Anyone who has read Eric Ries’s book The Lean Startup knows that as soon as you get a better idea what your customers want, you should “pivot” and act on your learnings.

Except it isn’t that easy. What if the world says pivot but you don’t want to? Does that mean you’re wrong? Too married to your idea? Are you going to be one of those entrepreneurs who wastes their time building something nobody wants?

Here I would like to share some thoughts around pivots. Specifically when entrepreneurs should pivot, when they shouldn’t, and why personal ideas need to be treated differently from speculative ones.

The Last Thing the World Needs Is Another Book on Agile

That was the advice I got from an ex-colleague of mine when I asked if he would consider writing the foreword for my book The Agile Samurai. From his point of view there were already enough books on agile and the last thing the world needed was another. And of course, from his point of view, he was right.

  • A ton of books had already been written on agile.
  • Agile had been around for a long time.
  • Everyone was doing it (or so it seemed).
  • And there wasn’t anything new that really needed to be said.

Taking these data points, and naively applying the concept of the Lean Startup pivot, it would have made sense to pivot the focus of my book to something sexier or new.

Except I didn’t want to.

I was married to the concept of this book. A simple 200-page distillation easy enough for management yet deep enough for aspiring teams. I didn’t particularly care if no one was going to read it. This was the book I wished I had when learning agile. It didn’t exist. So I was going to write it.
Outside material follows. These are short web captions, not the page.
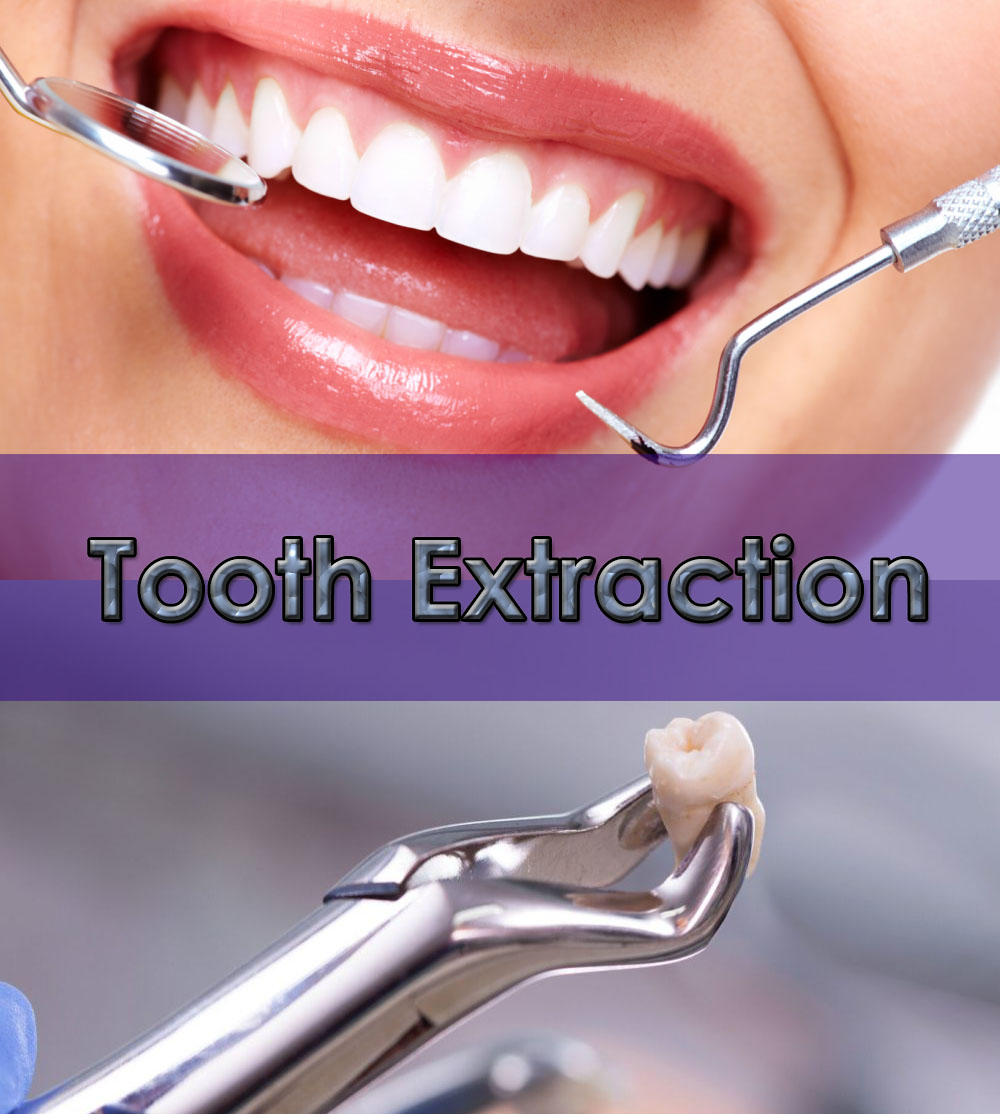 Picture of a how a holistic dental extraction is done at the world famous Premier Holistic Dental in San Jose, Costa Rica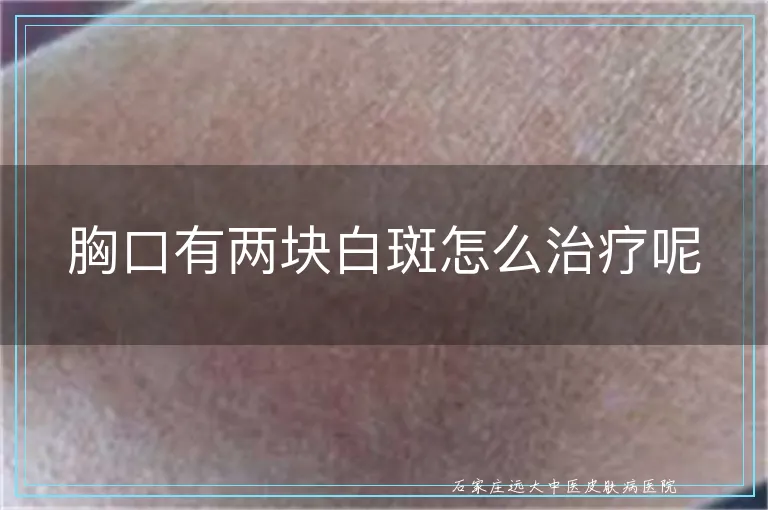 胸口有两块白斑怎么治疗呢
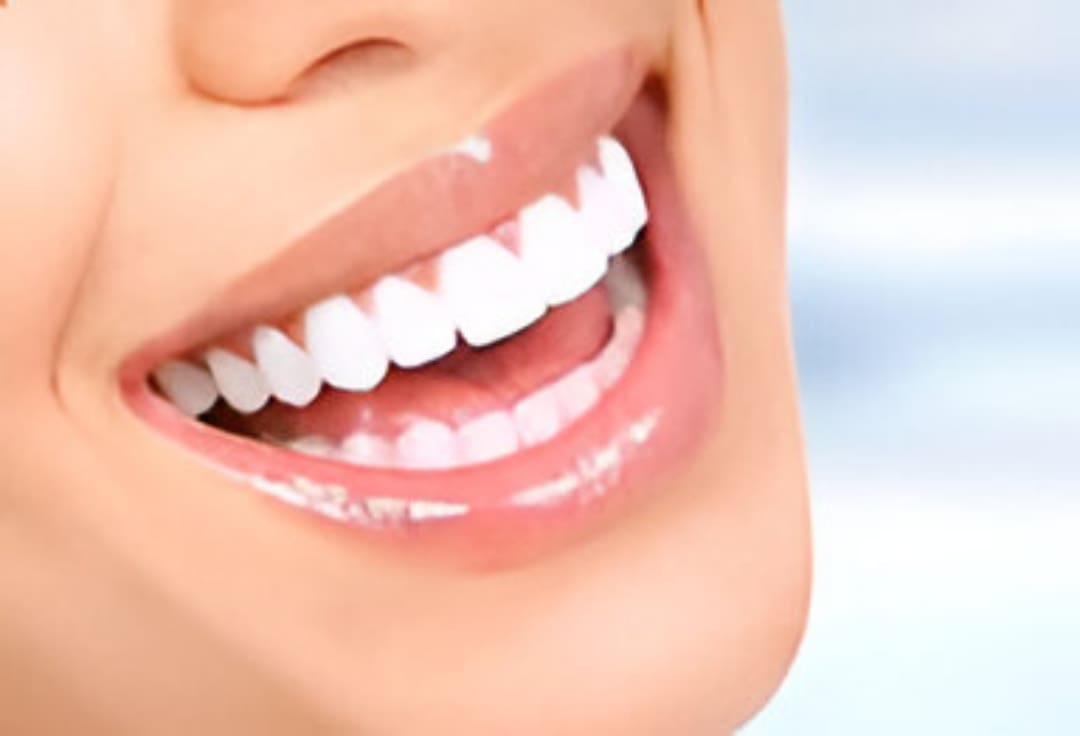 Clínica de implantes dentales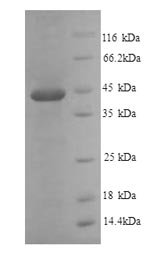 Mouse Plasminogen activator inhibitor 1 (Serpine1) Recombinant Protein, N-His, Mus musculus (Mouse), Yeast, N-terminal 6xHis-tagged, 44.9 kDa, purity >≥ 90% as determined by SDS-PAGE.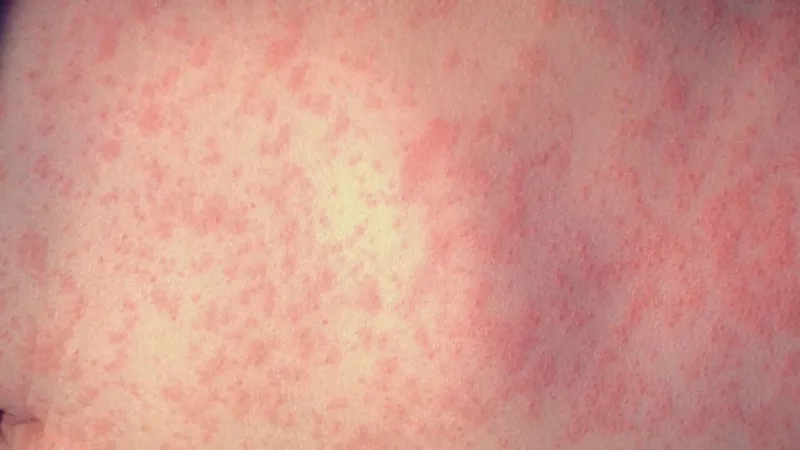 OHA reports new measles exposures at 3 Portland-area clinics, hospitals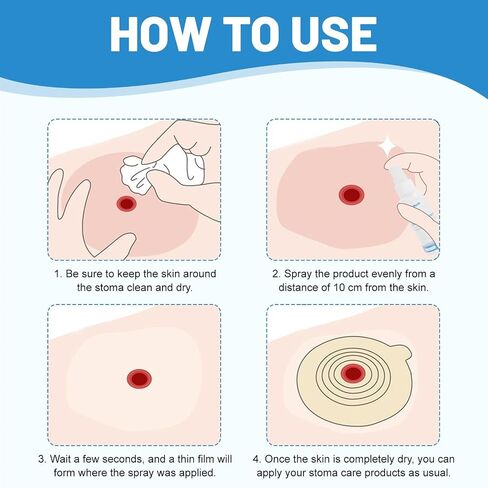 رذاذ حاجز الجلد Ostomy، رذاذ فيلم حاجز خالٍ من الكحول ولا يسبب اللسع للعناية بالفغرة، مستلزمات فغر القولون، حماية الجلد الطبية من الفغرة، مواد لاصقة، تمنع التسربات، 1 أونصة (30 مل) in Kuwait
It was after writing Samurai that I read Eric’s book. And it was here that I realized that if I had blindly followed some of the Lean Startup practices (which I mostly agreed with), Samurai would never have been written. What bugged me was that I couldn’t explain why.

I know writing a book isn’t the same as forming your own full-on startup, but the question remained. Why did some ideas seem easier to pivot on than others?

It wasn’t until I came across a presentation by Adrian Smith that I found the “ideas” I was looking for.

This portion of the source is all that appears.